# SOURCE DATA:
BEGIN
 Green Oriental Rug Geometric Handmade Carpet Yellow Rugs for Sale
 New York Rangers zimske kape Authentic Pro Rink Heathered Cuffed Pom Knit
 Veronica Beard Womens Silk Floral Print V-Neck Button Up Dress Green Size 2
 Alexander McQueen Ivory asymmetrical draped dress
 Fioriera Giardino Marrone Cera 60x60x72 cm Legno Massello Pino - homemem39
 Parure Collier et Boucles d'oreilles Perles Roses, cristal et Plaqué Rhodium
END
BEGIN
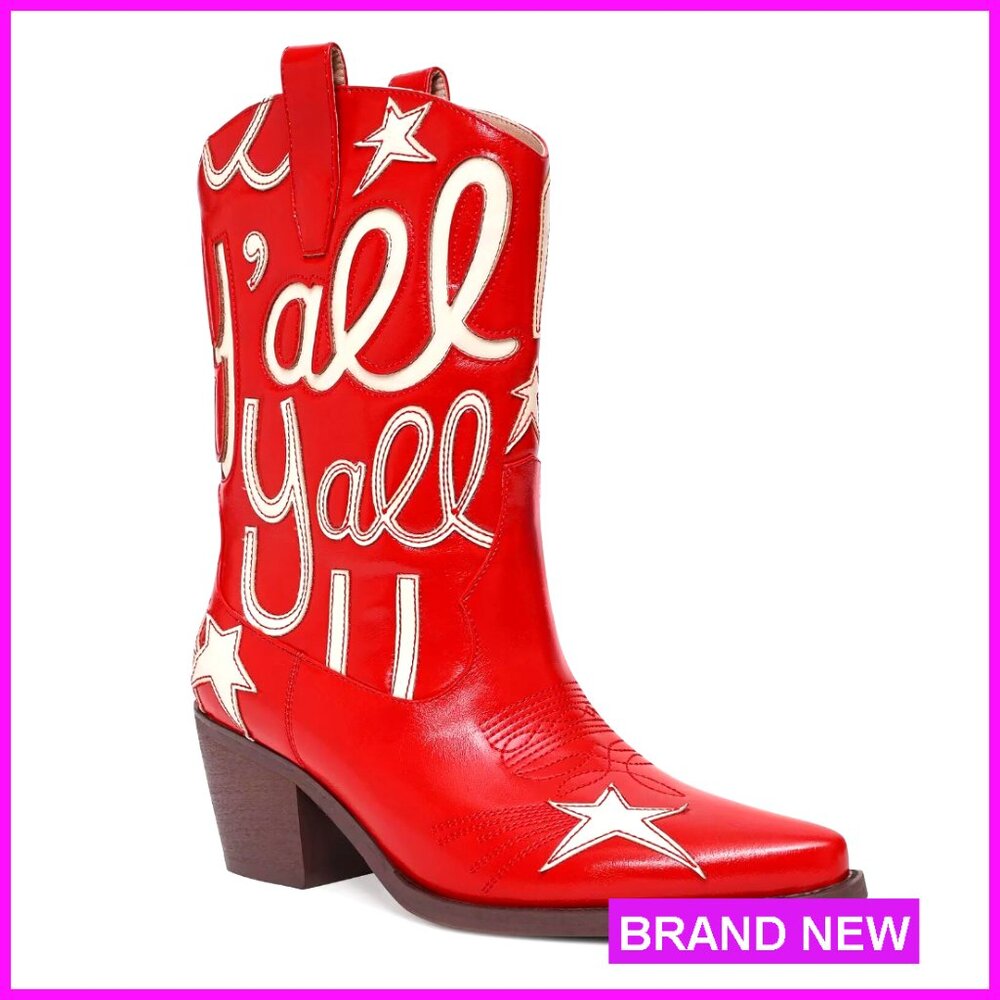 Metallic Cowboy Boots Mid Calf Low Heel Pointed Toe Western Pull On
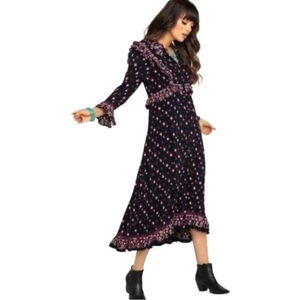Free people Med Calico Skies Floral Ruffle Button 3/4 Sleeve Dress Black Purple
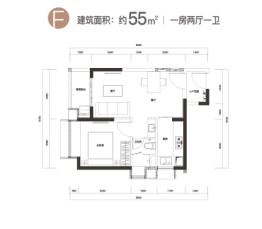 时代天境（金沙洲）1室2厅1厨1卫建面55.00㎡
END
BEGIN
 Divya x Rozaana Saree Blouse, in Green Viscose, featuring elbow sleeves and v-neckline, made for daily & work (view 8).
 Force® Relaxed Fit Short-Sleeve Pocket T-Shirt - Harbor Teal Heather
END
# ASSIGNMENT:
When a line contains the string "Green", copy it from the records.

# ANSWER FOR THE TASK:
 Green Oriental Rug Geometric Handmade Carpet Yellow Rugs for Sale
 Veronica Beard Womens Silk Floral Print V-Neck Button Up Dress Green Size 2
 Divya x Rozaana Saree Blouse, in Green Viscose, featuring elbow sleeves and v-neckline, made for daily & work (view 8).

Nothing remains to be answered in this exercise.